O direito ao projeto de vida não garante resultados; mas exige a provisão
de condições fáticas e jurídicas que permitam, de forma livre e em igualdade de
condições, dotar a vida de um determinado significado transcendental a que se
orientar – que se refletirá, por exemplo, na profissão ou no trabalho, na constituição
de uma família, na forma de relacionamento com a comunidade, na relação com o
transcendente e o espiritual, entre outros. Em outras palavras, o que esse direito
exige é a existência de condições adequadas para buscar esse sentido que confere à
dimensão existencial própria de cada ser humano como tal.
18.
Tais condições pressupõem, entre outras, uma vida digna, a satisfação das
necessidades básicas, a plena inclusão na comunidade, igualdade e não
discriminação, trabalho, educação, proteção da família, existência de um meio
ambiente seguro e sem riscos; mas, sobretudo, o pleno reconhecimento de que a
dimensão projetiva da pessoa é uma dimensão a mais da pessoa, tão importante e
que merece a mesma proteção das demais.
19.
Em consonância com o exposto, o direito ao projeto de vida não implica a
existência de um futuro certo ou imutável; sua essência reside na própria volatilidade
da vontade humana e nas contingências – sempre surpreendentes – que se
apresentam ao longo da vida. O que se protege são as “contingências” provocadas
de forma ilícita, grave e arbitrária, atribuíveis ao Estado. Pois, nesses casos, a
alteração do projeto de vida não se deve ao dinamismo do espírito humano, mas sim
a modificações forçadas pelo curso dos acontecimentos, oriundas, justamente,
daqueles responsáveis por sua efetivação. É esse “divórcio” da liberdade e da
dignidade humana que torna ilegítima qualquer interferência ou violação que prive a
pessoa do pleno desenvolvimento na construção de seu projeto de vida.
20.
Ademais, é importante lembrar a relevância de fomentar e garantir esse
direito para crianças e adolescentes. Como reconheceu o Comitê dos Direitos da
Criança, durante a adolescência as pessoas começam a atribuir significado à sua
vida; por isso, julgamos necessário enfatizar a maior proteção e promoção do direito
ao projeto de vida nessa que deve ocorrer nessas etapas vitais:
9. Os adolescentes se desenvolvem em ritmo veloz. A importância das mudanças
que ocorrem durante a adolescência ainda não é compreendida de forma tão
ampla quanto a importância das mudanças na primeira infância. A adolescência é
uma etapa única e decisiva do desenvolvimento humano, caracterizada por um
rápido desenvolvimento cerebral e crescimento físico, aumento da capacidade
cognitiva, início da puberdade e da consciência sexual, e o surgimento de novas
habilidades, capacidades e aptidões. Os adolescentes experienciam o aumento
das expectativas em relação ao seu papel na sociedade e estabelecem relações
mais significativas com seus pares, à medida que passam de uma situação de
dependência para outra de maior autonomia.
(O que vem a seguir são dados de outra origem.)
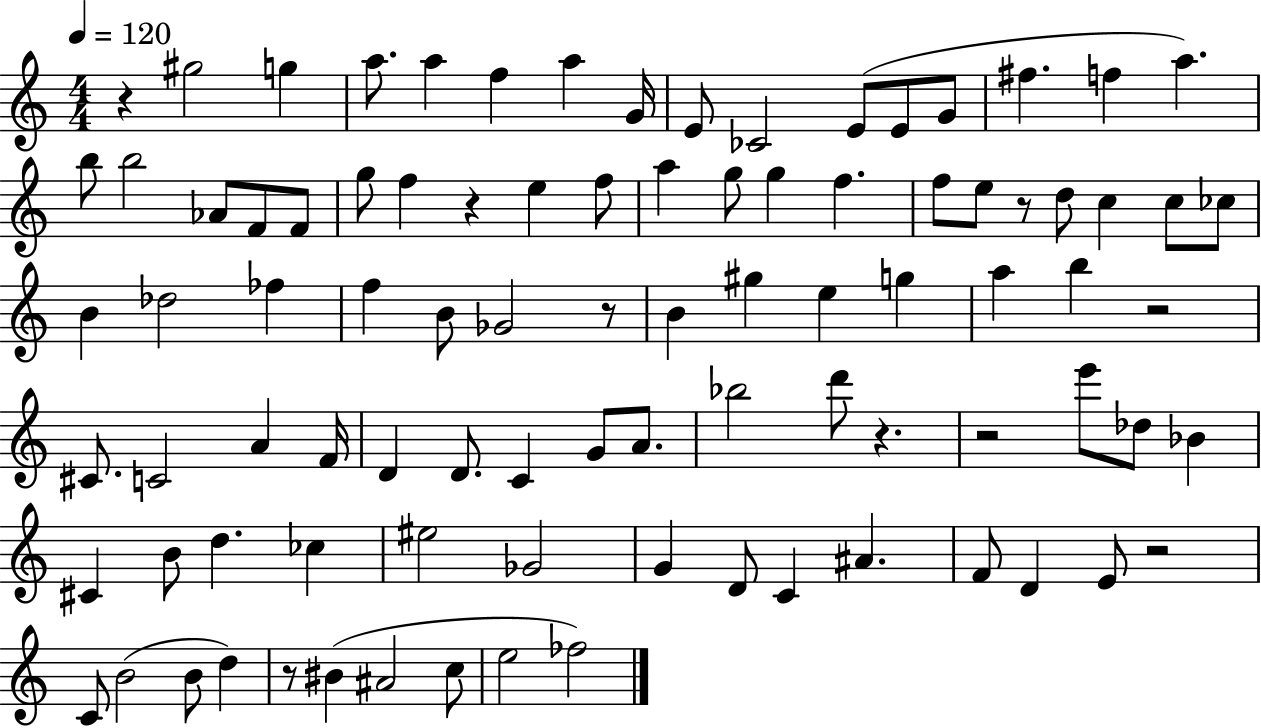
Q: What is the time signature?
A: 4/4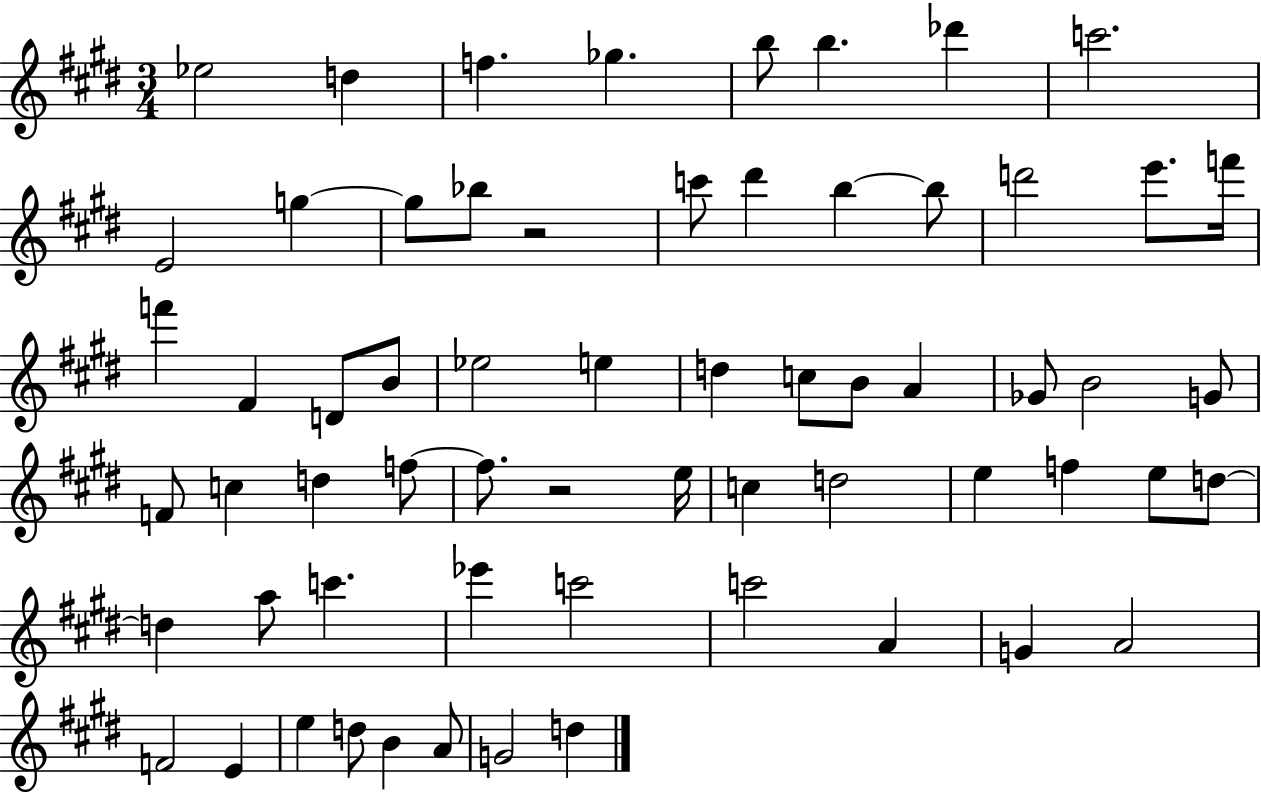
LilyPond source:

{
  \clef treble
  \numericTimeSignature
  \time 3/4
  \key e \major
  \repeat volta 2 { ees''2 d''4 | f''4. ges''4. | b''8 b''4. des'''4 | c'''2. | \break e'2 g''4~~ | g''8 bes''8 r2 | c'''8 dis'''4 b''4~~ b''8 | d'''2 e'''8. f'''16 | \break f'''4 fis'4 d'8 b'8 | ees''2 e''4 | d''4 c''8 b'8 a'4 | ges'8 b'2 g'8 | \break f'8 c''4 d''4 f''8~~ | f''8. r2 e''16 | c''4 d''2 | e''4 f''4 e''8 d''8~~ | \break d''4 a''8 c'''4. | ees'''4 c'''2 | c'''2 a'4 | g'4 a'2 | \break f'2 e'4 | e''4 d''8 b'4 a'8 | g'2 d''4 | } \bar "|."
}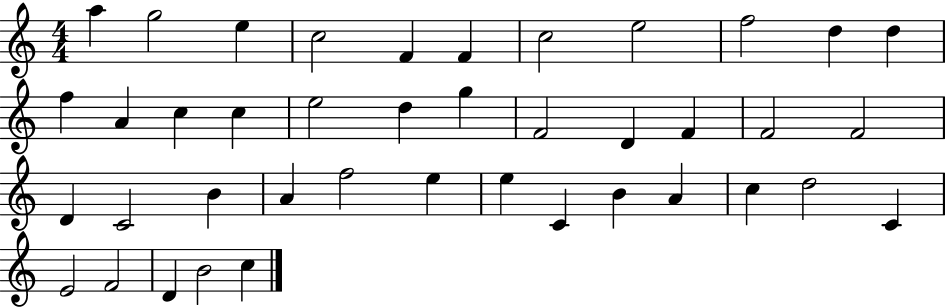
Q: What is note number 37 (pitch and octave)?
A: E4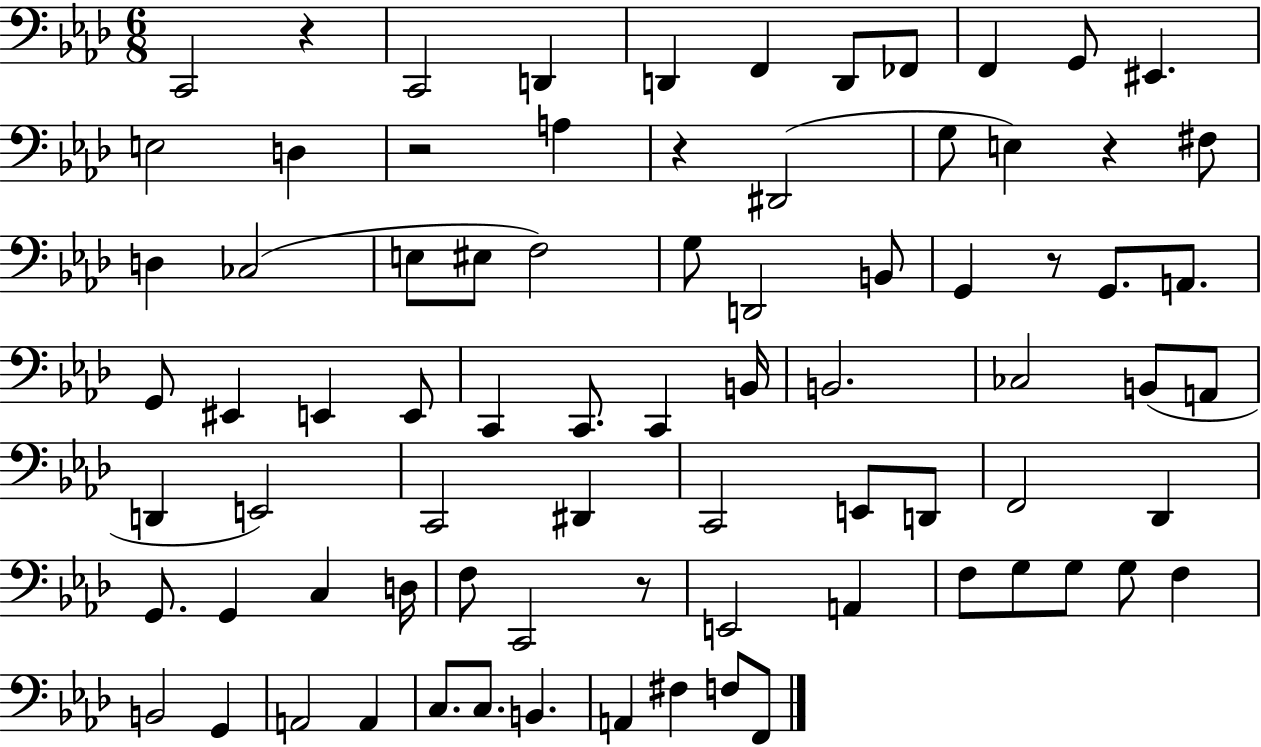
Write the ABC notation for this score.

X:1
T:Untitled
M:6/8
L:1/4
K:Ab
C,,2 z C,,2 D,, D,, F,, D,,/2 _F,,/2 F,, G,,/2 ^E,, E,2 D, z2 A, z ^D,,2 G,/2 E, z ^F,/2 D, _C,2 E,/2 ^E,/2 F,2 G,/2 D,,2 B,,/2 G,, z/2 G,,/2 A,,/2 G,,/2 ^E,, E,, E,,/2 C,, C,,/2 C,, B,,/4 B,,2 _C,2 B,,/2 A,,/2 D,, E,,2 C,,2 ^D,, C,,2 E,,/2 D,,/2 F,,2 _D,, G,,/2 G,, C, D,/4 F,/2 C,,2 z/2 E,,2 A,, F,/2 G,/2 G,/2 G,/2 F, B,,2 G,, A,,2 A,, C,/2 C,/2 B,, A,, ^F, F,/2 F,,/2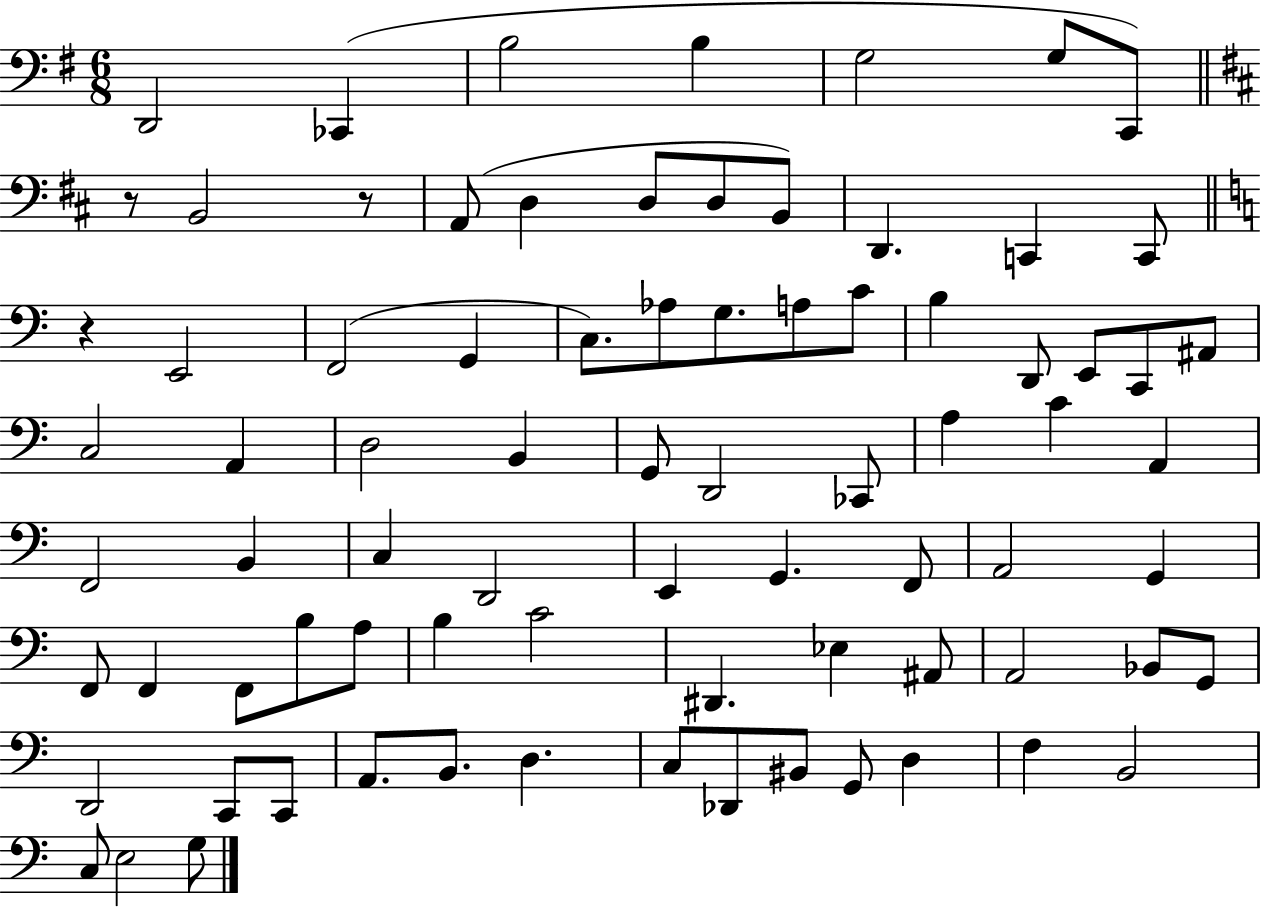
D2/h CES2/q B3/h B3/q G3/h G3/e C2/e R/e B2/h R/e A2/e D3/q D3/e D3/e B2/e D2/q. C2/q C2/e R/q E2/h F2/h G2/q C3/e. Ab3/e G3/e. A3/e C4/e B3/q D2/e E2/e C2/e A#2/e C3/h A2/q D3/h B2/q G2/e D2/h CES2/e A3/q C4/q A2/q F2/h B2/q C3/q D2/h E2/q G2/q. F2/e A2/h G2/q F2/e F2/q F2/e B3/e A3/e B3/q C4/h D#2/q. Eb3/q A#2/e A2/h Bb2/e G2/e D2/h C2/e C2/e A2/e. B2/e. D3/q. C3/e Db2/e BIS2/e G2/e D3/q F3/q B2/h C3/e E3/h G3/e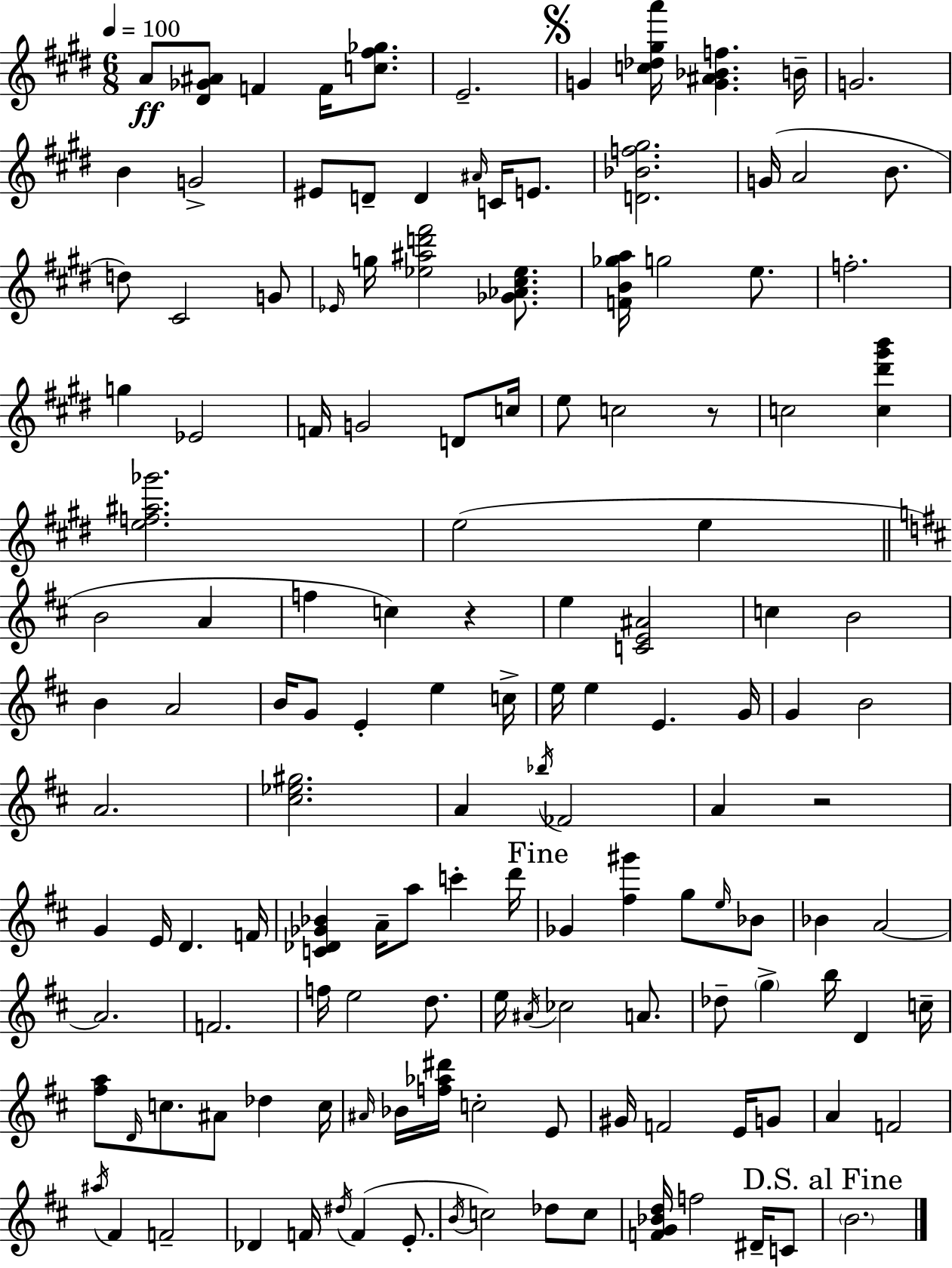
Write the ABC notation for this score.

X:1
T:Untitled
M:6/8
L:1/4
K:E
A/2 [^D_G^A]/2 F F/4 [c^f_g]/2 E2 G [c_d^ga']/4 [G^A_Bf] B/4 G2 B G2 ^E/2 D/2 D ^A/4 C/4 E/2 [D_Bf^g]2 G/4 A2 B/2 d/2 ^C2 G/2 _E/4 g/4 [_e^ad'^f']2 [_G_A^c_e]/2 [FB_ga]/4 g2 e/2 f2 g _E2 F/4 G2 D/2 c/4 e/2 c2 z/2 c2 [c^d'^g'b'] [ef^a_g']2 e2 e B2 A f c z e [CE^A]2 c B2 B A2 B/4 G/2 E e c/4 e/4 e E G/4 G B2 A2 [^c_e^g]2 A _b/4 _F2 A z2 G E/4 D F/4 [C_D_G_B] A/4 a/2 c' d'/4 _G [^f^g'] g/2 e/4 _B/2 _B A2 A2 F2 f/4 e2 d/2 e/4 ^A/4 _c2 A/2 _d/2 g b/4 D c/4 [^fa]/2 D/4 c/2 ^A/2 _d c/4 ^A/4 _B/4 [f_a^d']/4 c2 E/2 ^G/4 F2 E/4 G/2 A F2 ^a/4 ^F F2 _D F/4 ^d/4 F E/2 B/4 c2 _d/2 c/2 [FG_Bd]/4 f2 ^D/4 C/2 B2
10. Ao ingressarem em seu segundo decênio de vida, as crianças começam a
explorar e forjar suas próprias identidades pessoais e sociais, com base em uma
complexa interação com sua própria história familiar e cultural, surgindo nelas o
senso da própria identidade, que frequentemente se expressa por meio da
linguagem, da arte e da cultura, tanto individualmente quanto em associação com
seus pares. Para muitos, esse processo se desenvolve em torno da participação
no meio digital, o qual exerce considerável influência. O processo de constituição
e expressão da identidade é particularmente complexo para os adolescentes, pois
estes se situam entre culturas minoritárias e a cultura dominante.13
21.
Essa visão da autonomia do “direito ao projeto de vida”, com conteúdo e limites
próprios, deve levar à especificação dos impactos diferenciados decorrentes de sua
violação, bem como das reparações pertinentes. Nesse sentido, não podemos
confundi-lo com o dano indenizável em geral, pretendendo que se inclua no “dano
material”, “dano moral” ou “lucro cessante”.
22.
De fato, como sustentaram vários juízes no voto concorrente do Caso Pérez
Lucas e Outros Vs. Guatemala, é necessário enfatizar a distinção conceitual entre
direito autônomo e dano indenizável. É preciso ressaltar a diferença entre “direito
autônomo passível de proteção convencional” e a reparação pela violação desse
direito. Isso vai além de um mero formalismo jurídico desprovido de identificação clara
e diferenciada em relação a outros tipos de danos, especialmente o “dano moral”; é
preciso alertar que o tratamento indistinto desses dois danos – particularmente no
que diz respeito ao quantum indenizatório – no âmbito do dano imaterial pode
acarretar certa confusão na doutrina das reparações no Sistema Interamericano e
impactar negativamente a autonomia do direito ao projeto de vida.14
23.
Nesse sentido, um dos signatários, no voto concorrente e parcialmente
dissidente no Caso Dos Santos Nascimento e Ferreira Gomes Vs. Brasil, advertiu sobre
a necessidade de enfatizar essa distinção:15
[…] considero pertinente ressaltar a diferença do dano ao projeto de vida
do lucro cessante, particularmente quando nos encontramos em casos de
violações de direitos humanos cometidas no âmbito do trabalho. Esse
esclarecimento é de essencial importância para evitar contextos confusos
no estabelecimento de responsabilidades e reparações em favor da vítima.
Assim, este Tribunal entendeu, ao longo de sua linha jurisprudencial, que o
lucro cessante pertence à categoria de “Dano Material” e, portanto, seu
conteúdo se insere exclusivamente na perda de ganhos econômicos futuros
suscetíveis de ser quantificados mediante parâmetros objetivos e
estimáveis;58 ou seja, seu raio de ação não se destina à reparação do dano
da realização integral da pessoa, como ocorre com o projeto de vida. Ocorre
que os atos violatórios de direitos humanos não poderiam nem podem
limitar seus efeitos a um tipo específico de dano, pois um só ato violatório
poderia chegar a ocasionar diversos tipos de danos às vítimas. Nesse
sentido, a Corte IDH deve prosseguir enfaticamente na construção clara e
firme de sua doutrina reparatória, tecendo caso a caso a materialização dos
fins perseguidos pela Convenção Americana.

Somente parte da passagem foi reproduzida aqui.